La rébellion du Juif dominé
Enfin, la sauvagerie mise en scène sur les réseaux sociaux a pour but, entre autres, de marteler sans fin l’inaltérable refus de toute présence juive de la mer au Jourdain. Un refus habillé en « anticolonialisme » mais en réalité ancré dans l’islam intégriste et sa conception archaïque du politique. Ironie de l’histoire que de voir ce combat, situé aux antipodes de l’esprit des Lumières, considéré aujourd’hui par la cohorte des imbéciles (ainsi que l’eût dit Georges Bernanos) comme une lutte « progressiste », un « socialisme des imbéciles » mis en pleine lumière ce samedi matin d’octobre.
La rébellion du Juif dominé d’hier a rendu fou de colère son souverain musulman de jadis. Une colère décuplée par la réussite de l’État d’Israël opposée à la régression d’un monde arabe majoritairement enfoncé dans l’incurie et la dictature. Une « réussite israélienne » jugée « insolente » et « arrogante » face à l’échec d’un monde dont une grande partie de la jeunesse n’a pour seule aspiration que le départ. Quand le dominé d’hier s’avise de parler d’égal à égal avec son ancien maître, c’est tout l’équilibre du monde ancien qui vacille, tout l’équilibre « normal » des choses qui devient incompréhensible.

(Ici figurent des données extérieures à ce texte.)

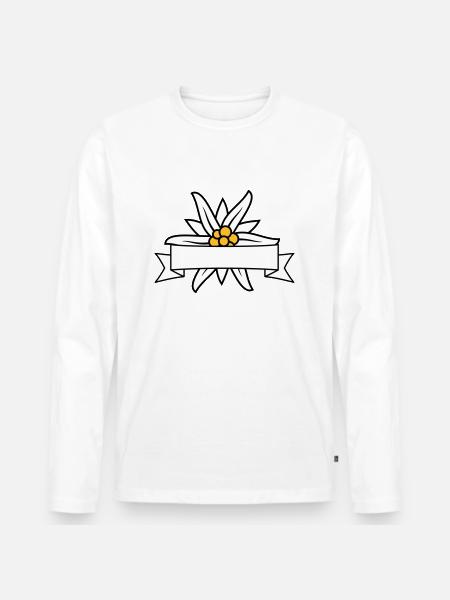 Text banner Edelweiss - Men's Premium Organic Long Sleeve Shirt - white
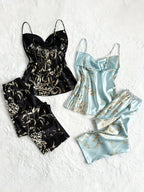 Womens Four Piece Floral Print Top & Pyjamas Set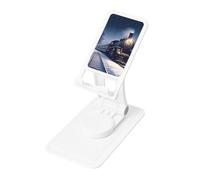 FHEBNDS Winter Christmas Snow Night Railway Train Phone Stand for Desk, 360°Rotating Foldable Cell Phone Holder for Office Home, Height Adjustable Tablet Stand Portable Cellphone Cradle iPad Holder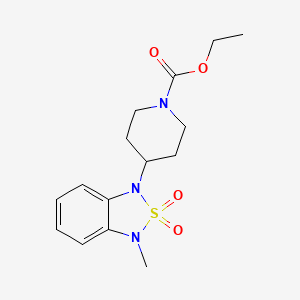 molecular formula C15H21N3O4S B2973880 ethyl 4-(3-methyl-2,2-dioxidobenzo[c][1,2,5]thiadiazol-1(3H)-yl)piperidine-1-carboxylate CAS No. 2034415-28-4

Dans l’immense violence perpétrée ce samedi 7 octobre, il ne faut pas voir seulement ce que l’émotion du regard nous dicte mais quelque chose de plus profond et de long terme : l’impossibilité pour une part importante (à en juger par les réactions de joie massives) des sociétés arabo-musulmanes d’accepter le compromis et l’altérité sur un pied d’égalité. C’est là le noyau d’un conflit d’autant plus sanglant que les mots manquent pour le dire.